361 2013-12-22 18:20:37 <lianj> unless you make it backwards compatible‎ for some time until the majority of network agrees on the new opcode behavior
362 2013-12-22 18:23:41 <jacob___> The older nodes will not verify these transactions if new opcodes are used?
363 2013-12-22 18:24:04 <jacob___> even if provided a valid signature?
364 2013-12-22 18:24:36 <jacob___> (signing)
365 2013-12-22 18:24:36 <sipa> jacob___: "valid signature" is exactly defined by the opcodes!
366 2013-12-22 18:24:46 <jacob___> da!
367 2013-12-22 18:24:48 <jacob___> ok
368 2013-12-22 18:24:57 <sipa> if you add an opcodes, there is no way that old nodes could verify its validity
369 2013-12-22 18:25:20 <jacob___> understood
370 2013-12-22 18:25:25 <Matt_von_Mises> You can add a new opcode and have the miners enforce it, so that the blocks contain transactions which are valid for both new and old nodes. It would be backwards compatible as long as previous nodes see the transactions as valid.
371 2013-12-22 18:25:36 <sipa> depending on whether those new opcodes would be backward compatible, you either have to just upgrade the majority of the hashpower validates it
372 2013-12-22 18:25:55 <sipa> but in general, you have to upgrade 100% of all nodes (not just mining)
373 2013-12-22 18:31:01 <jacob___> sipa, is there a link to the fileformat of the blockchain on disk for qt client?
374 2013-12-22 18:33:25 <maaku> jacob___: file format is dead simple
375 2013-12-22 18:33:26 <maaku> http://james.lab6.com/2012/01/12/bitcoin-285-bytes-that-changed-the-world/
376 2013-12-22 18:50:19 <jacob___> thanks maaku)
377 2013-12-22 19:30:04 <nsh> in what file is the network id 0xD9B4BEF9 defined?
378 2013-12-22 19:30:17 <nsh> chainparams.cpp?

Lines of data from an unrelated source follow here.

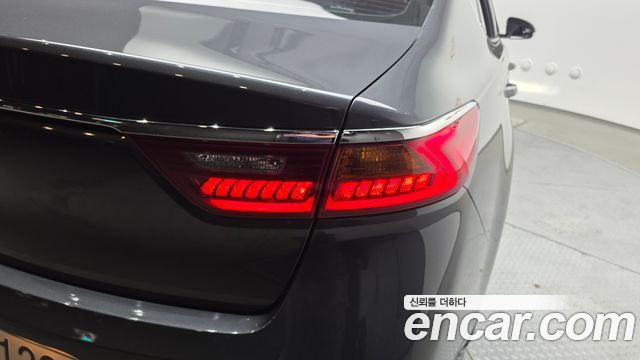 Kia K7 2.4 GDI Limited 2017 — фото 23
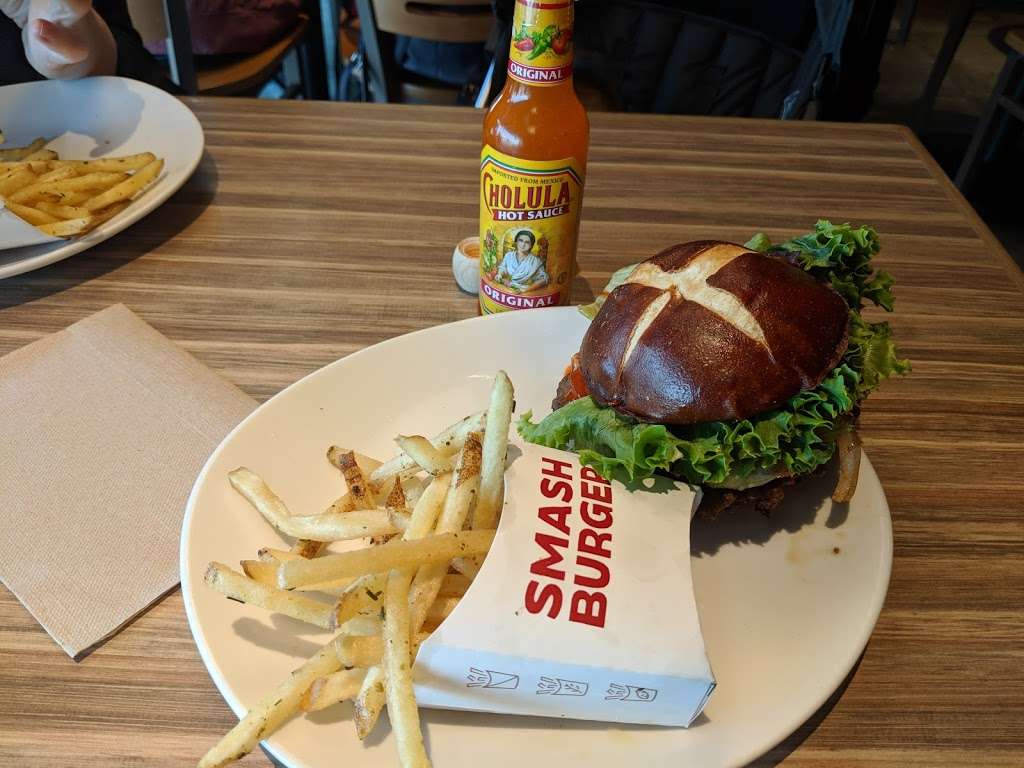 Smashburger | DIA, Concourse C, 8500 Peña Blvd, Denver, CO 80249, USA | Phone: (303) 633-1500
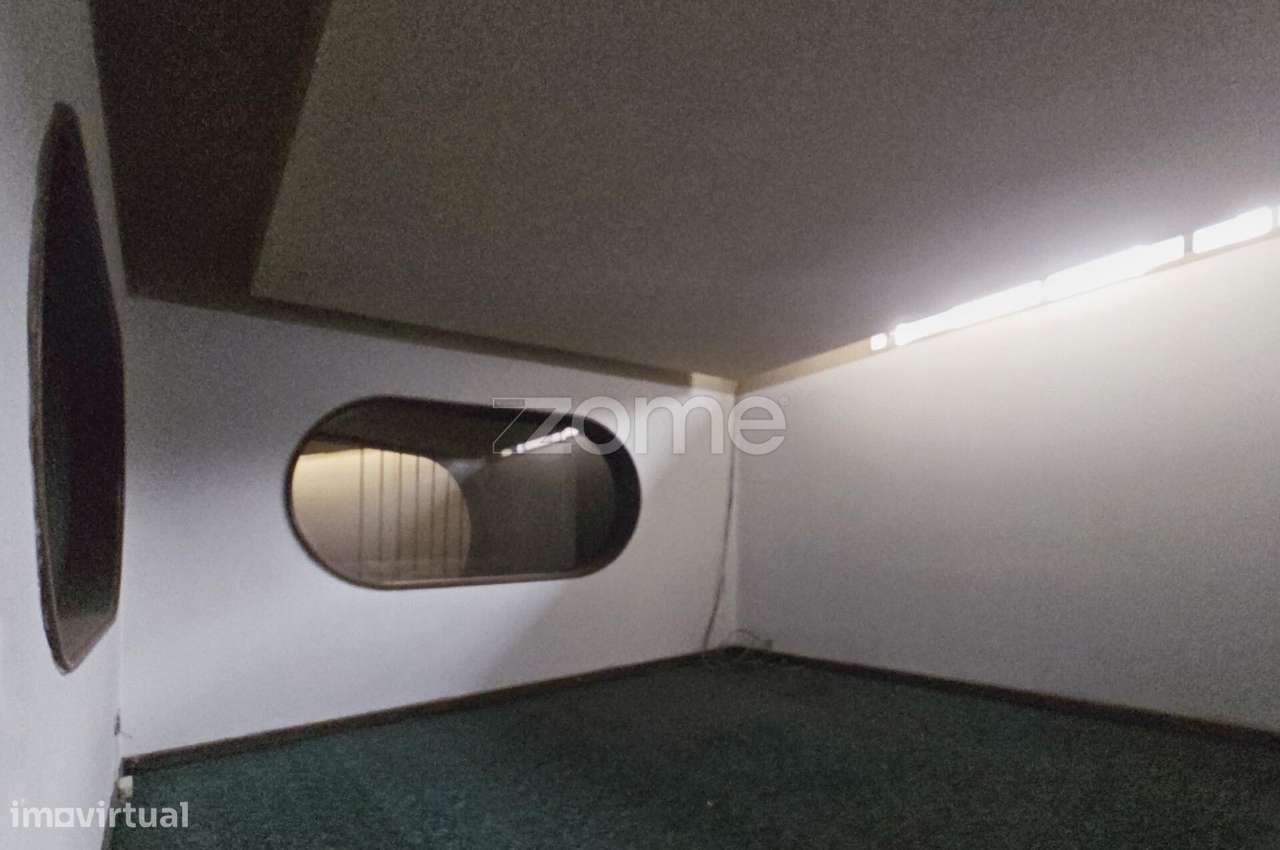 Moradia rara para Reabilitação – Vista Mar | São Pedro Estoril-28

379 2013-12-22 19:31:19 <nsh> oh, main.cpp as pchMessageStart
380 2013-12-22 19:35:07 <nsh> no, it moved i guess
381 2013-12-22 19:36:26 <nsh> ah, it is chainparams.cpp
382 2013-12-22 19:37:27 <Intelftw> What is merkle root of block with only coinbase tx? it's sha256d(t1 + t1) ?
383 2013-12-22 19:41:31 <BlueMatt> not sha256d(t1)?
384 2013-12-22 19:42:21 <Intelftw> I'm dumb... thx :D
385 2013-12-22 19:43:08 <jacob___> HI , what are *.sst files?
386 2013-12-22 20:29:00 <Intelftw> Is there any other stratum specification other than slush website?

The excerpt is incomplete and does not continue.